Baca: Rini Soemarno: Masih Ada Proyek PLN dan Pertamina yang Berlanjut
Erani menjelaskan, pada tahun 2013 rata-rata harga minyak dunia (Dubai, Bren, Nigerian Forcados, West Texas Intermdiate) mencapai US$ 106 per barel. Harga minyak dunia kemudian sedikit menurun pada 2014 menjadi US$ 97 per barel.
Walaupun saat ini harga minyak tidak setinggi 2013 dan 2014, tekanan terhadap rupiah pada saat ini juga dipengaruhi oleh sentimen kebijakan moneter dan fiskal Amerika Serikat serta ketidakpastian global akibat perang dagang yang semakin meluas. Tekanan neraca transaksi berjalan juga sangat berkaitan dengan penurunan kinerja neraca perdagangan
Meski begitu, kata Erani, perlu dicatat bahwa ekspor Januari-Juli 2018 sudah mencapai angka terbesar sepanjang tiga tahun terakhir, mencapai US$ 104 miliar. Sementara nilai impor melonjak di atas kinerja ekspor sehingga menyebabkan defisit neraca perdagangan hingga US$ 3,08 miliar di semester pertama 2018.
Lonjakan tersebut sebagian besar bersumber dari barang modal, yang tumbuh hingga 30,44 persen (yoy). Sedangkan bahan baku atau penolong dan barang konsumsi masing-masing 22,99 persen (yoy) dan 27,03 persen (yoy).
Lonjakan barang modal dan bahan baku atau penolong ini menunjukkan geliat produksi di industri nasional. Hal ini diharapkan dapat meningkatkan kinerja industri pengolahan pada kuartal ketiga 2018, setelah mencatat pertumbuhan 3,97 persen (yoy) di kuartal kedua 2018.

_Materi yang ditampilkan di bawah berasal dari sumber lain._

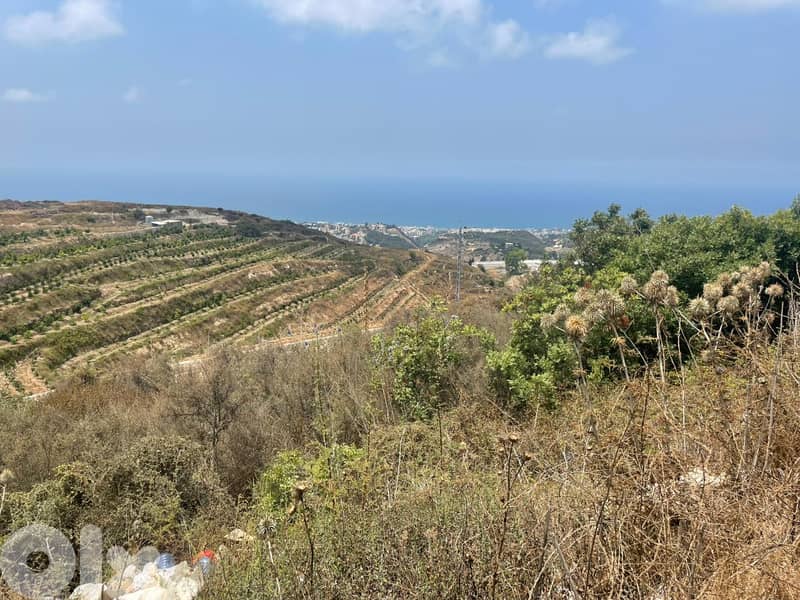 RWB173PK - Land for sale in Edde Jbeil 2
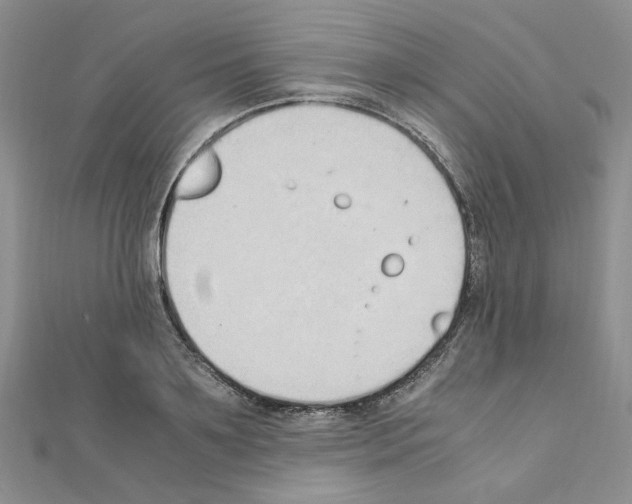 X0000110910891200907301539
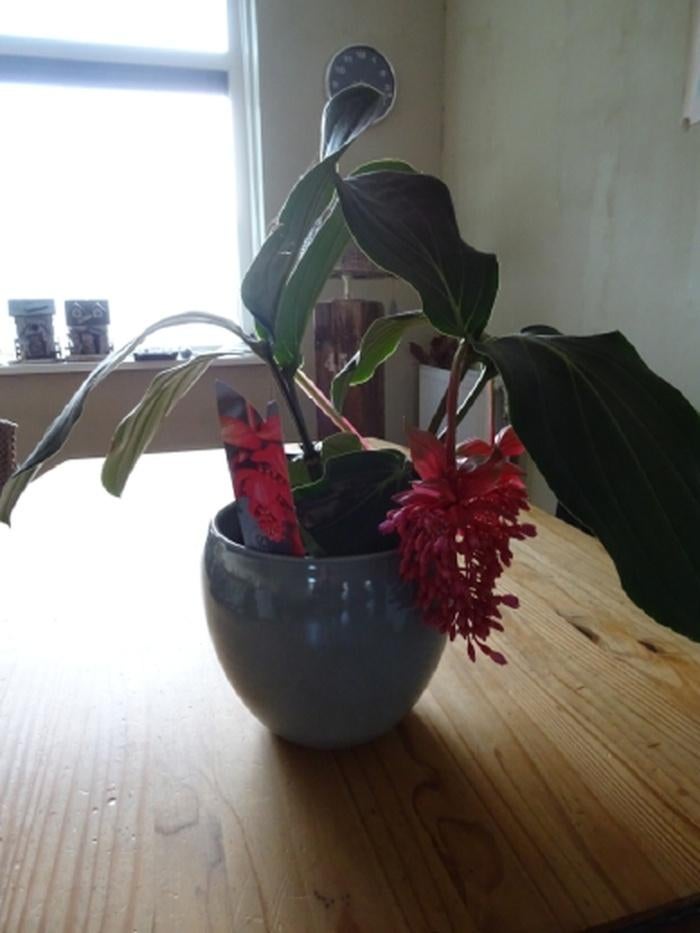 Kamerplant Medinilla Flamenco roze, Ophalen, Overige soorten, Halfschaduw, In pot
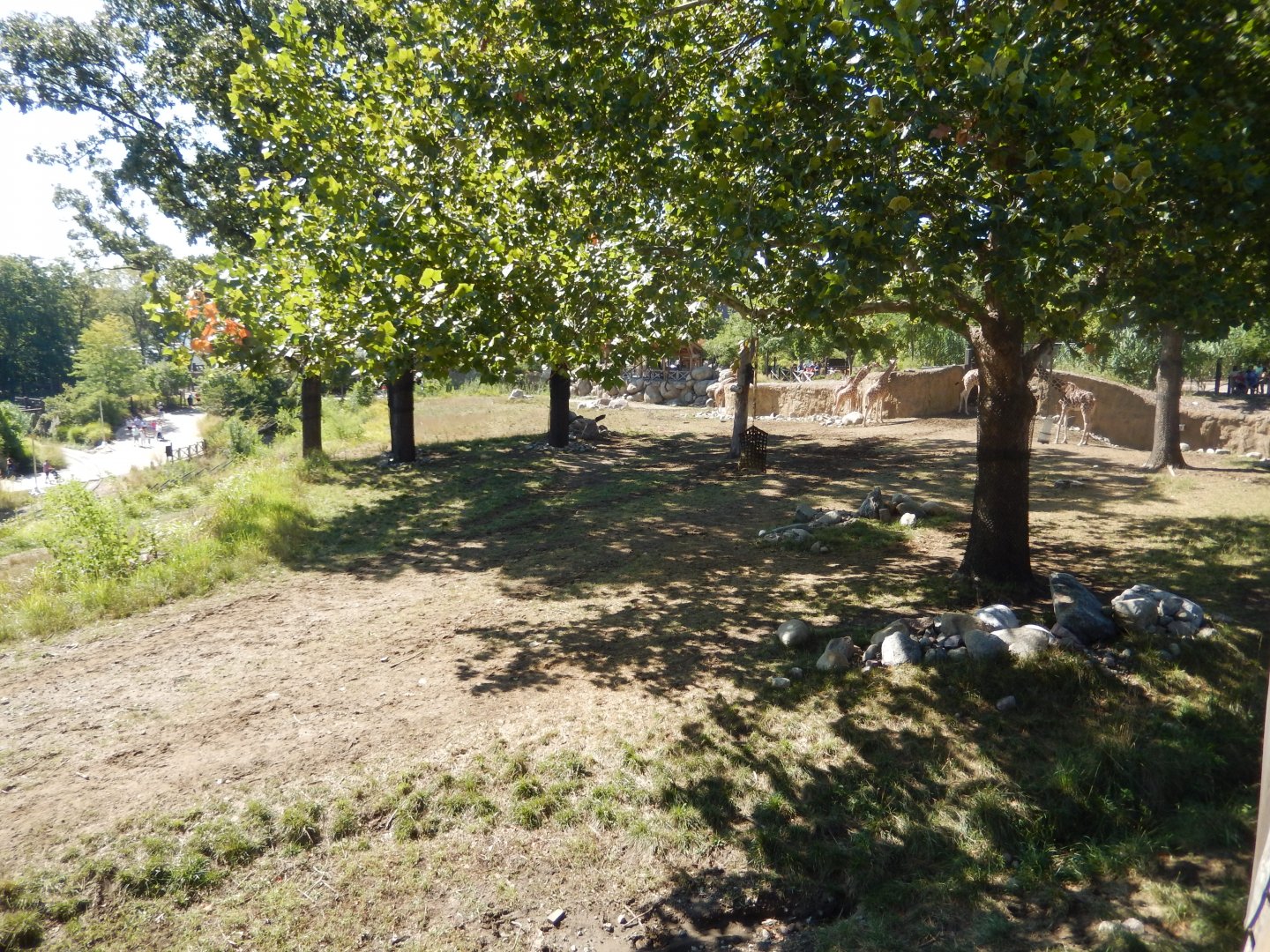 9/13/2020 - Giraffe Savanna - Right Third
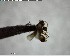  ( - YB-BCI126697)  @11 [ ] CreativeCommons - Attribution (2017) Yves Basset Smithsonian Tropical Research Institute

Tak hanya itu, kata Erani, aspek lain yang juga harus diperhatikan adalah neraca jasa yang juga berkontribusi pada defisit neraca transaksi berjalan. Komponen yang menyumbang terbesar di antaranya biaya penggunaan kekayaan intelektual, jasa telekomunikasi, komputer, dan informasi, serta jasa asuransi dan dana pensiun.

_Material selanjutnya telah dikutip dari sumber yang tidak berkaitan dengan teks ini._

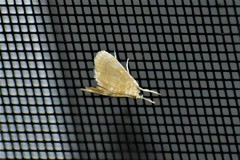 Glaphyria sesquistrialis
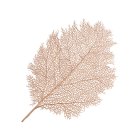 Blad Dækkeserviet Guld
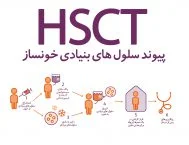 از مطالعات پیوند سلول های بنیادی خونساز در دنیای واقعی چه می توان یاد گرفت؟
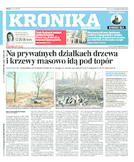 Kronika krakowska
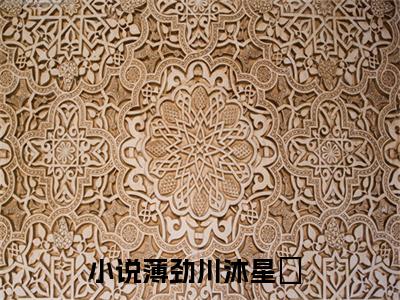 薄劲川沐星珝（薄劲川沐星珝）全文免费阅读_薄劲川沐星珝最新章节列表_笔趣阁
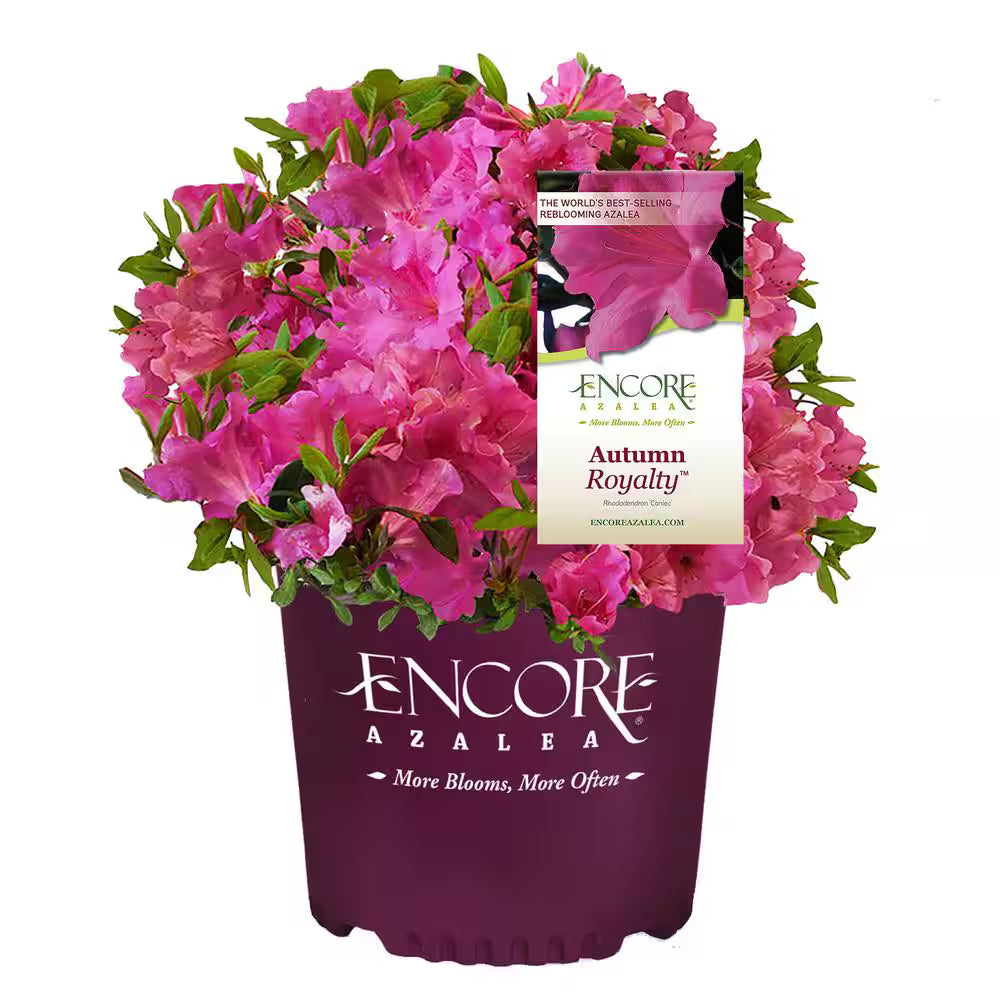 Royalty Encore® Azalea – Reblooming Purple Evergreen Shrub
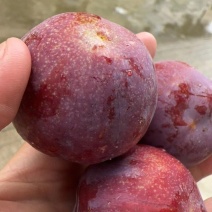钱排三华李李子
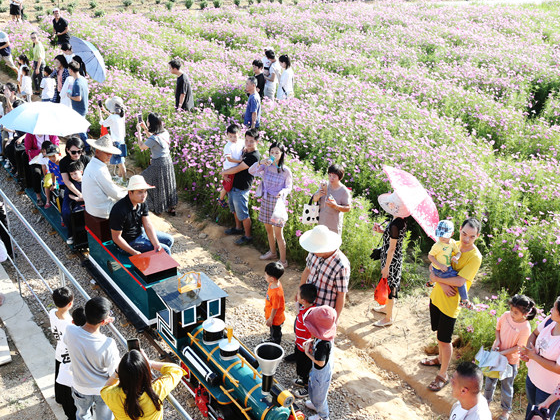 网红小火车 带旺乡村游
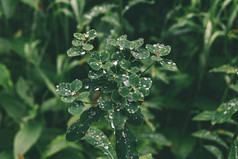 露水滴绿色叶子雨滴广泛的叶子黑暗森林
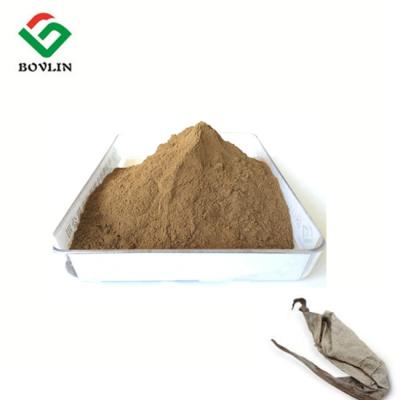 China KOSHER Standard Brown Yellow 10:1 Kacip Fatimah Extract From Leaf for sale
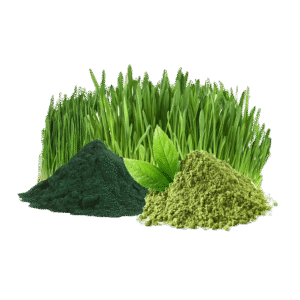 Organic Green Blend Powder - 150g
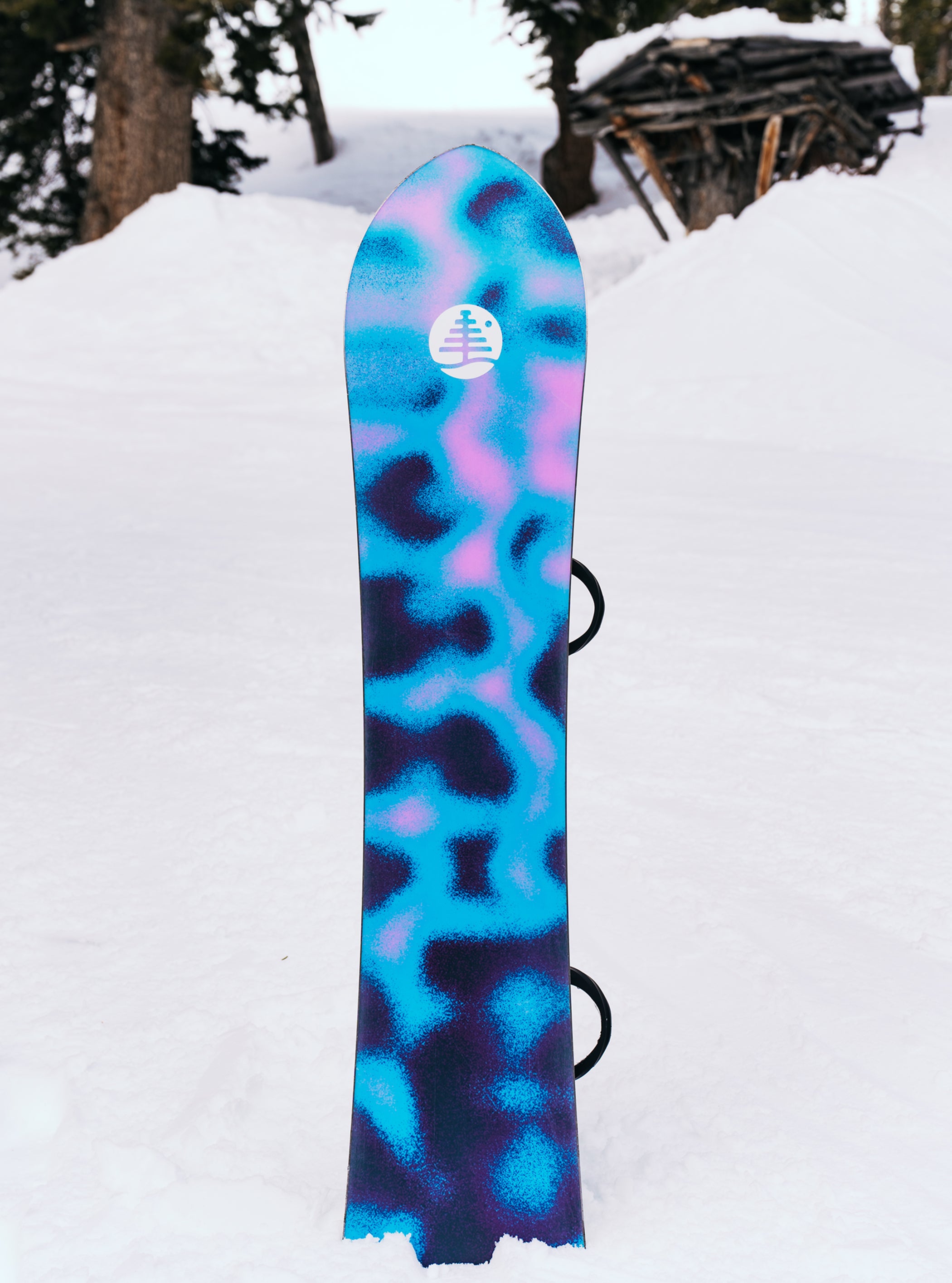 burton family tree branch manager snowboard Hometown Hero Camber Winter 2026 Available in a 155 size BURTON - Burton Family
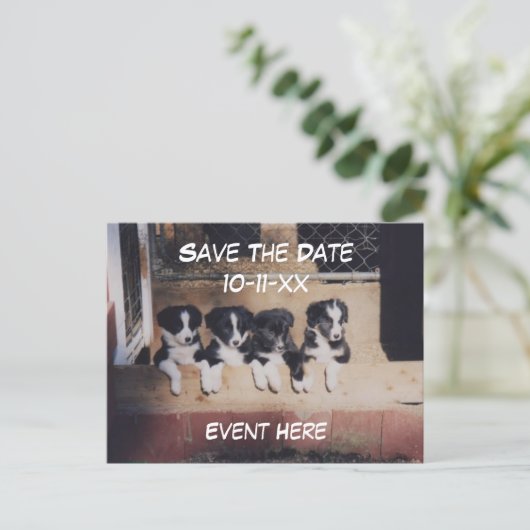 Save The Date Border Collie Puppies Dog  Aankondigingskaart (Staand voorkant)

"Upaya menekan defisit neraca jasa dilakukan melalui jasa perjalanan, yang menyumbang surplus hingga US$ 2,7 miliar pada semester satu tahun 2018," ucap Erani.
Adapun upaya menekan defisit neraca transaksi berjalan, terutama pada penguatan surplus neraca perdagangan. Pemerintah sudah menyisir 500 barang-barang impor yang sebetulnya dapat diproduksi di dalam negeri, serta membatasi impor minyak mentah dengan biodesel.
Pemerintah dalam menekan defisit transaksi berjalan itu juga, kata Erani, akan memberikan insentif bagi penanaman modal dalam negeri untuk menjaga defisit neraca pendapatan primer. "Optimalisasi pemanfaatan sektor pariwisata juga perlu dilakukan untuk menarik wisatawan asing."